Reaction to the criticism that the movie ignores Christ’s divinity:
Well, what does one make of Jesus’ healing of Malchus’ ear after the sword fight in the garden of Gethsemane? Malchus is pretty much convinced of Jesus’ divine healing, so convinced that he fails to rejoin the cohort of temple guards.
And what about Jesus’ testimony to Caiaphas, Annas and the partially-assembled Sandhedrin? It is at this time when He declares definitively that He is the Son of Man, and “‘you will see the Son of Man seated at the right hand of the Power’ and ‘coming with the clouds of heaven.’” This is the “blasphemy” which is pretext for his conviction.

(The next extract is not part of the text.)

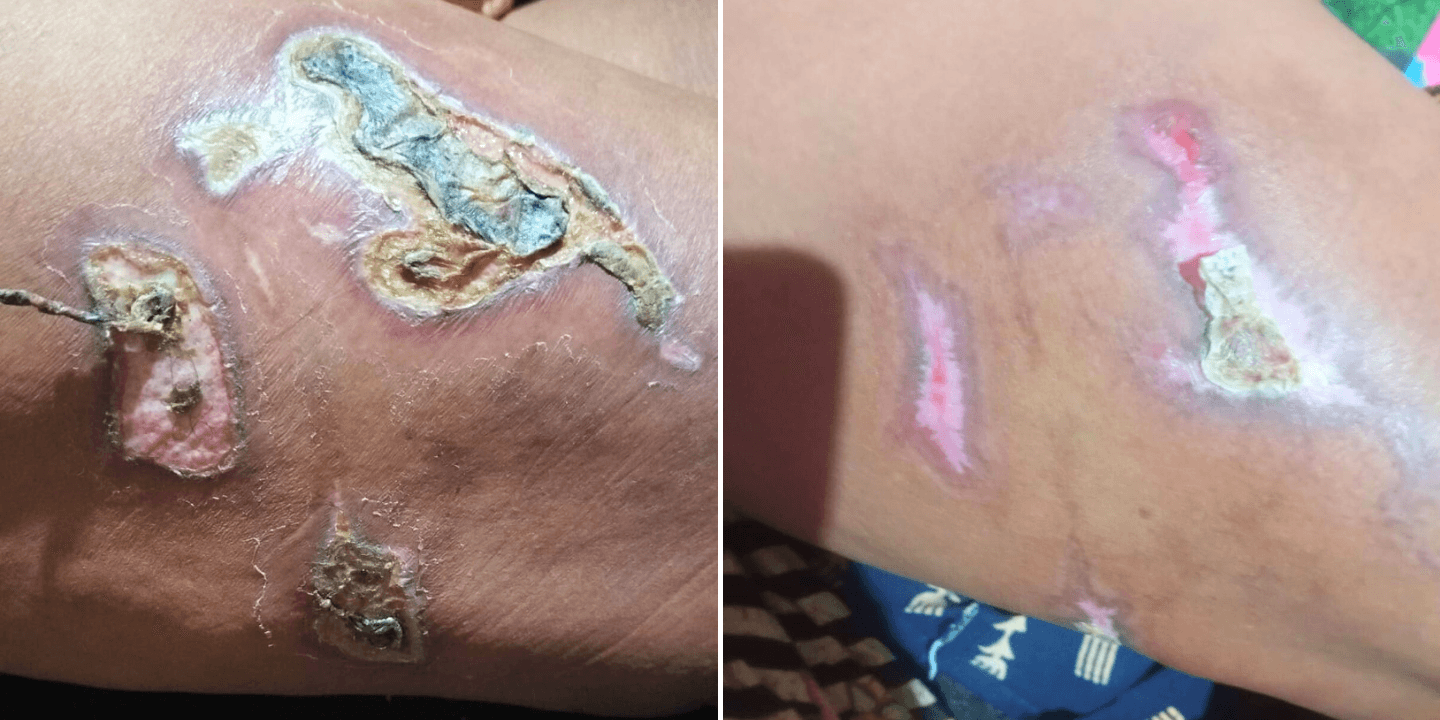 Skin Abrasion from Tight Trousers: A Recovery Story for Sensitive Skin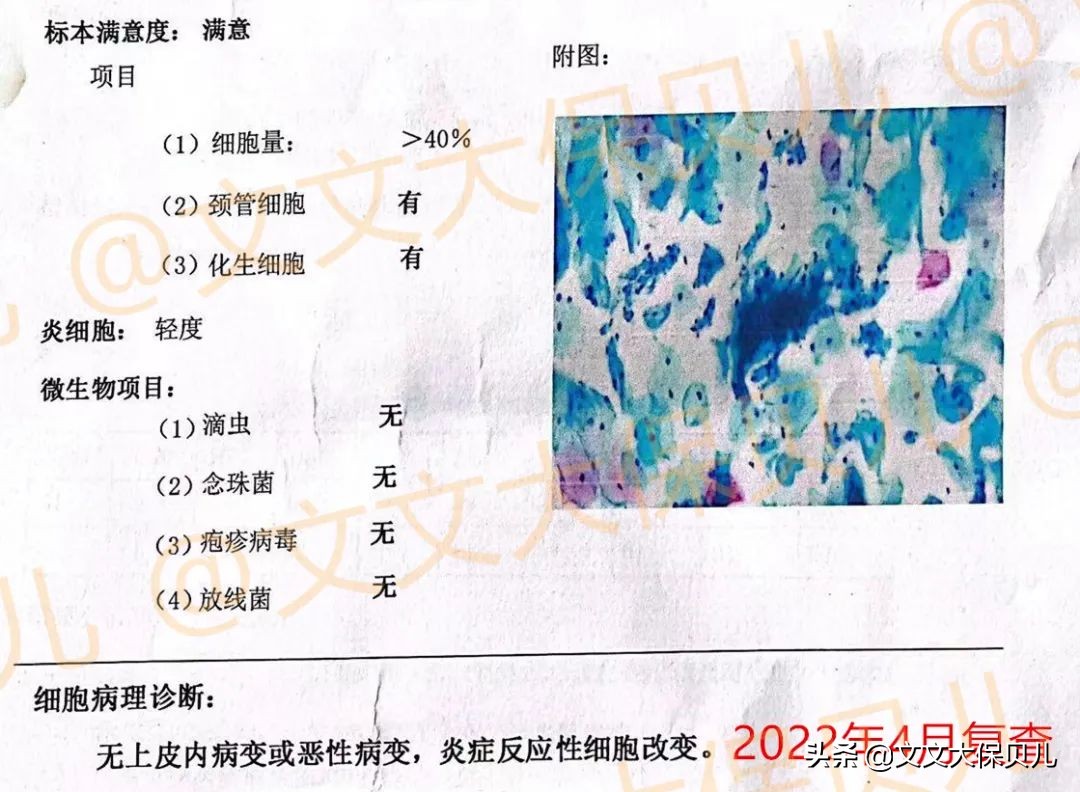 cin2-3累及腺体是宫颈癌吗,cin3级并累及腺体到宫颈癌多久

These comments about Mr. Gibson failing to establish Jesus’ divinity make me wonder: did these particular critics want more dogmatic statements from Jesus, i.e., the lengthy discourses of the gospel of John, Chapters 14-17? Even these do not “establish” or “present” Jesus’ divinity. Did they want more “miracles” performed for the camera? I’m afraid that such presentations would come across more like parlor tricks than credentials that He is Who He says He is, the Holy One of God. I think Mr. Gibson wants us to respond in faith, which is why he has Satan ask Jesus in the garden, “Who are you?” It’s Mr. Gibson’s verson of Matthew 16: “Who do you say I am?” I think the criticism here about failing to present Jesus’ divinity is a dog that won’t hunt: how would anyone present Jesus’ divinity without Him looking like the Amazing Whizzo?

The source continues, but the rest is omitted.